Two lawmakers in the U.S. recently introduced a new bill to aid efforts to support censorship circumvention technology in Russia. The Internet Freedom and Operations Act, or INFO, introduced by Sens. Marsha Blackburn, R-Tenn., and Bob Menendez, D-N.J., would authorize funds for internet freedom programs to run through the Department of State and USAID and dedicate $50 million to internet freedom and circumvention technologies through the U.S. Agency for Global Media and affiliates.

The bill builds on the pair’s earlier Open Technology Fund Authorization Act, which similarly authorized funds to support internet freedom under repressive regimes. That bill passed as part of the National Defense Authorization Act last year, and its authors have credited it for helping people in Cuba get connected and organize online after the government restricted internet access.

Blackburn, in a phone interview with CNBC, said people in Cuba largely found links to VPNs and through word-of-mouth. She said there’s always the potential for danger under a repressive regime in accessing restricted technology and speaking out but that she saw people in Cuba are willing to take risks “for their shot at freedom.”

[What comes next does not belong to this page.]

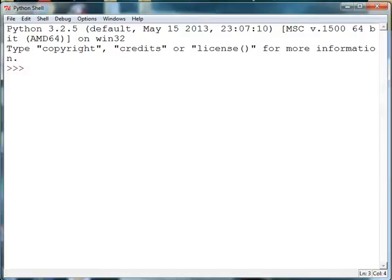Welcome to our first episode of Code Bytes. In this episode we are going to talk about Python print statements.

Wijermars warned that just because it’s possible for people in Russia to access foreign information through VPNs doesn’t mean all or even most will.

“The smaller group that already was interested in this kind of news, that already was critical of the government, already was consuming independent news sources, they will need to use a VPN to continue consuming those news sources,” she said. “But it doesn’t necessarily mean that the rest of the Russian population is now suddenly discovering it.”

Putin has been moving Russia toward isolation for years, and Wijermars said the current conflict has only accelerated internet trends in the region.

“I just hope that democratic governments and international companies don’t inadvertently speed that up,” Shahbaz said.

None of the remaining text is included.